Wird sich das Wachstum der deutschen Wirtschaft nur vorübergehend abschwächen oder steuern wir auf eine Rezession zu? Die Stimmung der Unternehmen in Deutschland, wie sie im Geschäftsklimaindex des Münchner Ifo Instituts zum Ausdruck kommt, spiegelt seit dem Ausbruch der Finanzkrise im letzten August die Gespaltenheit der Konjunkturexperten wieder. Während die aktuelle Lage immer noch vergleichsweise positiv beurteilt wurde, hatten sich die Erwartungen der Unternehmen Monat für Monat verschlechtert. Nach den Zahlen, die das Ifo Institut am Donnerstag veröffentlicht hat, wurden diese Erwartungen leider nicht enttäuscht, denn die Unternehmen schätzen ihre aktuelle Lage jetzt deutlich schlechter ein als noch vor zwei Monaten (gegenüber Mai ist dieser Index um 4,3 Punkte eingebrochen). Und die Erwartungen trüben sich noch weiter ein. Hier liegt der Index jetzt bei 90 Punkten so niedrig wie zuletzt vor gut fünf Jahren. Damals war Deutschland in der Rezession.

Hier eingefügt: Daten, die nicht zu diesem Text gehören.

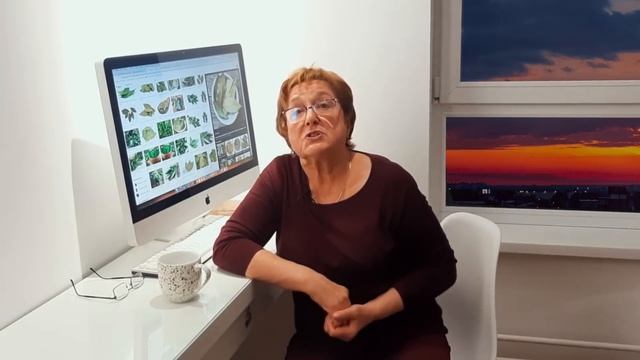 17 болезней которые вылечит обычная лаврушка смотреть онлайн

Der Aufschwung der letzen zwei Jahre scheint nun entgültig sein Ende gefunden zu haben. Die Industrieproduktion ist seit drei Monaten rückläufig und der Auftragseingang ist bis Mai (neuere Zahlen gibt es noch nicht) sechs Monate in Folge gesunken. Beide Indikatoren, gemessen an den Veränderungsraten gegenüber dem Vorjahr, entwickeln sich mittlerweile unterdurchschnittlich. Die negative Entwicklung schlägt sich auch in die Stimmung der Unternehmen nieder.

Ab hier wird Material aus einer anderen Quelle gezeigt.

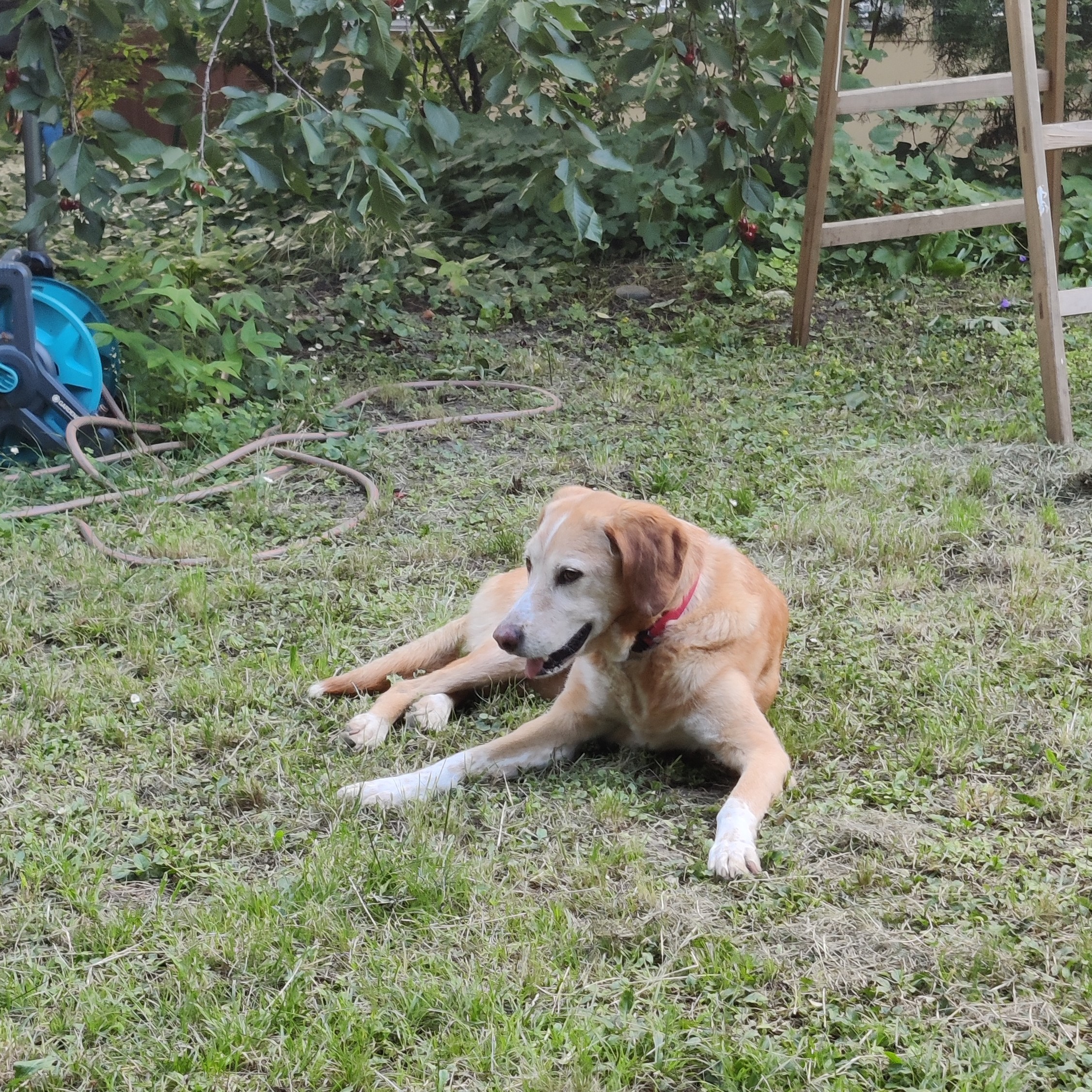 Lukas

Zwar ist der Index der Lageeinschätzung im Vergleich zu seinem langjährigen Durchschnitt trotz des Einbruchs immer noch recht hoch, mit einem dünner werdenden Auftragspolster wird sich das aber bald ändern. Der Pessimismus, wie er in den Erwartungen über die nächsten sechs Monate zum Ausdruck kommt, verfestigt sich. Das dürfte früher oder später auch den Arbeitsmarkt belasten und den Abschwung noch beschleunigen. Denn für die Binnennachfrage, die angesichts der schwächeren Weltwirtschaft das Wirtschaftswachstum in Deutschland dieses Jahr retten sollte, sieht es dann noch schlechter aus. Eine nachlassende Investitionstätigkeit wurde von den führenden Wirtschaftsforschungsinstituten zu Jahresanfang zwar schon einkalkuliert, der private Konsum sollte es aber richten. Davon kann spätestens jetzt wohl keine Rede mehr sein. Zu den höheren Kosten für Energie und Lebensmittel und den sinkenden Reallöhnen wird nun noch die größere Arbeitsplatzunsicherheit hinzukommen. Das ist alles nicht förderlich für die Kauflaune der Haushalte.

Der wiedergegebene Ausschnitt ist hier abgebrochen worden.